Don José termina por contarme que los días han cambiado el lugar, que quizá es el ritualismo con el café – me preocupé por indagar más—el que no había cambiado: usualmente lo prepara suave, y me dice que fue la excusa perfecta para acompañarlo en medio de su trabajo, y claro, convertirse en todo un elemento del cortejo de esas mujeres a quienes amó.
Además de ellos dos se suma don Álvaro, un comerciante de la plaza de mercado que queda a unas cuantas cuadras más abajo del parque, y donde lleva exactamente 21 años sin poderse amañar (esto me lo cuenta con un tono sarcástico mientras quiere integrar dentro de la conversación a su proveedor; un campesino muy silencioso de una finca cafetera que le escoge los mejores granos). Ambos son hombres muy particulares, pero la verdadera singularidad que voy encontrando en todas estas historias es esa reiteración del café como un determinante para unir todas las relaciones que se entretejen por este lugar.
Asimismo, andando en medio de las fincas cafeteras por la vía del Alto de la Cruz, llegamos a Marsella, donde encuentro a doña Doris, quien me ayuda a terminar de hilar solo una parte de estas historias íntimas. Ella me cuenta que su esposo está enfermo, y que últimamente es la soledad quien le ha ganado terreno por estos días, y que, en su intimidad, incluye un café que prepara con panela, “me hace daño, pero eso no ha sido excusa para dejarlo, como muchas cosas en la vida”, añade.
De esta manera, indagar por la intimidad de cada uno junto al café, es una sensación que empieza por describirse con tintes ácidos, y un sabor tostado –incluso lo asemejan a un sabor a madera–. La experiencia es demasiado caprichosa, otros han hablado de un sabor a caramelo, o quizá a un sabor a naranja.
Pero creo que principalmente la lujuria con la cafeína tiene un origen en la siembra y en el grano. Además, claro está: en el modo de la preparación. La cual va enlazada junto a ese ritualismo que cada persona escoge. Muchos en este aspecto me han relatado su experiencia agregando un recuerdo de infancia, una mañana despejándose, una compañía o un libro.

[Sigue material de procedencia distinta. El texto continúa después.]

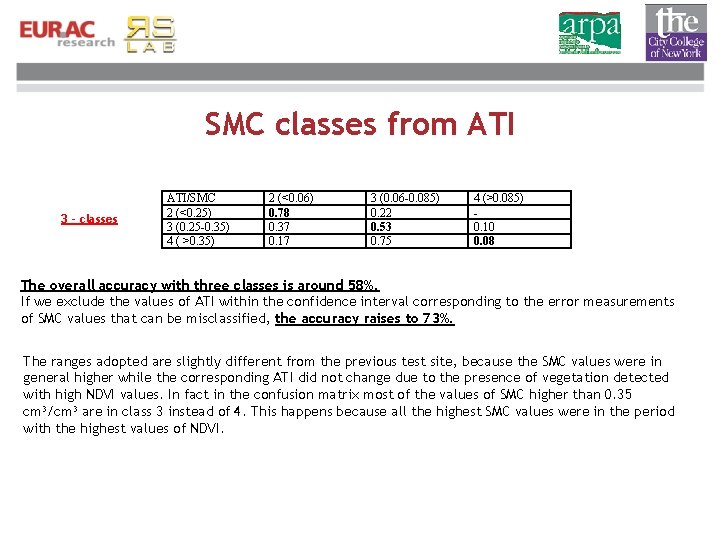 SMC classes from ATI 3 - classes ATI/SMC 2 (<0. 25) 3 (0. 25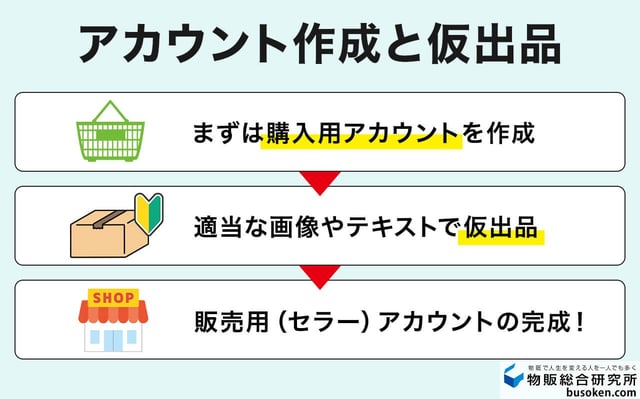 ステップ1：eBayアカウントの登録方法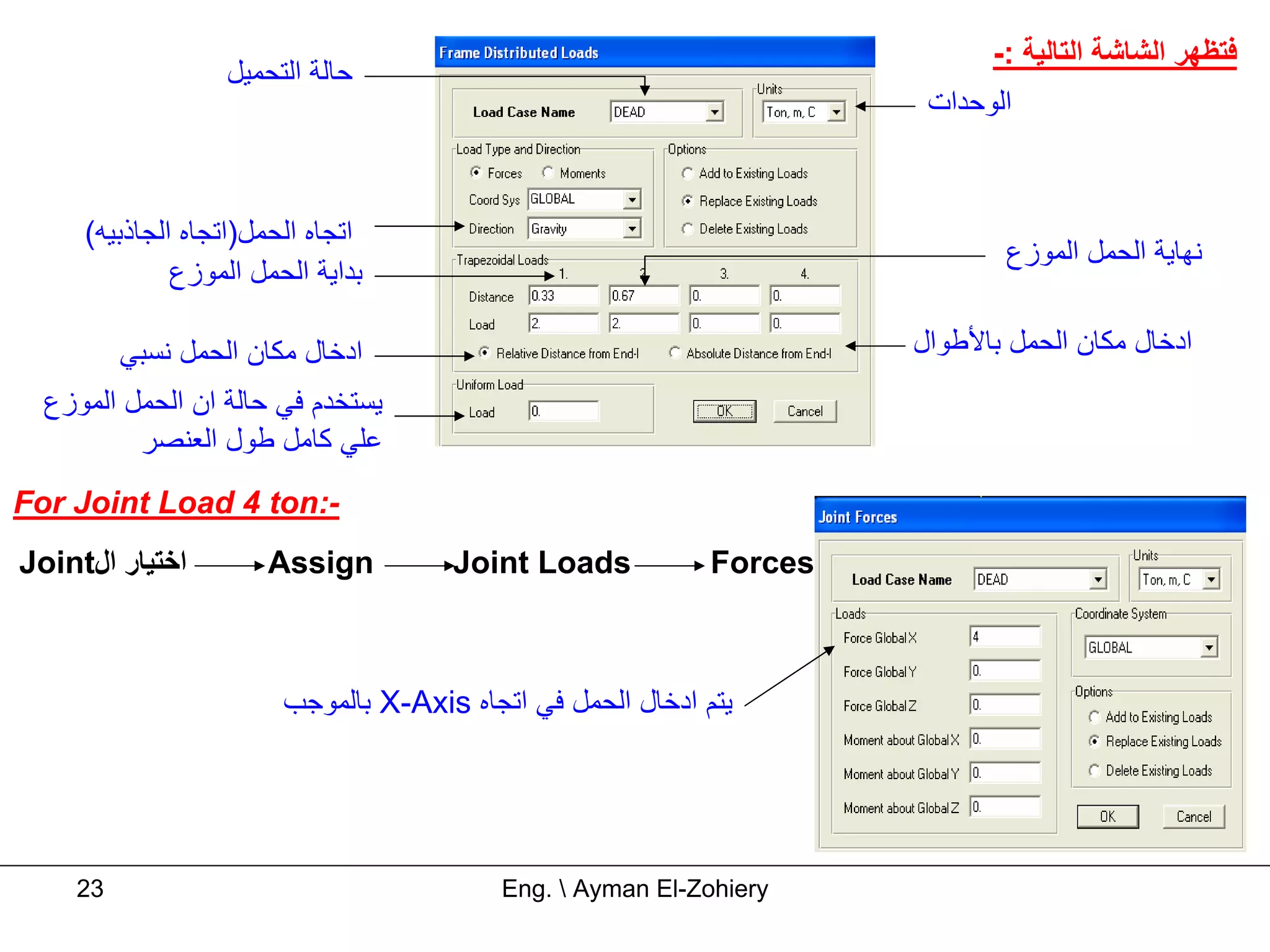 ‫ﻓﺘﻈﻬﺮ اﻟﺸﺎﺷﺔ اﻟﺘﺎﻟﻴﺔ :-‬
                  ‫ﺣﺎﻟﺔ اﻟﺘﺤﻤﻴﻞ‬
                                                                       ‫اﻟﻮﺣﺪات‬



     ‫اﺗﺠﺎﻩ اﻟﺤﻤﻞ)اﺗﺠﺎﻩ اﻟﺠﺎذﺑﻴﻪ(‬
                                                                              ‫ﻧﻬﺎﻳﺔ اﻟﺤﻤﻞ اﻟﻤﻮزع‬
              ‫ﺑﺪاﻳﺔ اﻟﺤﻤﻞ اﻟﻤﻮزع‬

         ‫ادﺧﺎل ﻣﻜﺎن اﻟﺤﻤﻞ ﻧﺴﺒﻲ‬                                        ‫ادﺧﺎل ﻣﻜﺎن اﻟﺤﻤﻞ ﺑﺎﻷﻃﻮال‬
  ‫ﻳﺴﺘﺨﺪم ﻓﻲ ﺣﺎﻟﺔ ان اﻟﺤﻤﻞ اﻟﻤﻮزع‬
          ‫ﻋﻠﻲ آﺎﻣﻞ ﻃﻮل اﻟﻌﻨﺼﺮ‬
‫-:‪For Joint Load 4 ton‬‬
‫اﺧﺘﻴﺎر ال‪Joint‬‬        ‫‪Assign‬‬          ‫‪Joint Loads‬‬            ‫‪Forces‬‬



                        ‫ﻳﺘﻢ ادﺧﺎل اﻟﺤﻤﻞ ﻓﻲ اﺗﺠﺎﻩ ‪ X-Axis‬ﺑﺎﻟﻤﻮﺟﺐ‬




    ‫32‬                                    ‫‪Eng.  Ayman El-Zohiery‬‬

Me parece curioso que el café favorito de cada uno se convierta en un reto para llevarlo a las palabras, la metáfora que encontré en sus relatos también significó descubrir un elemento en el Paisaje Cultural Cafetero. Tomar café se convirtió en tomar calorcito, tomarse la nostalgia de esos años que se recogen con dificultad en el filo de la memoria, o el momento sagrado no solo para contemplar precisamente ese viaje por el que caminé, sino mirar en las entrañas y sentir esas emociones, a veces viscerales y profundas; toda una intimidad muy arraigada a la esencia del café.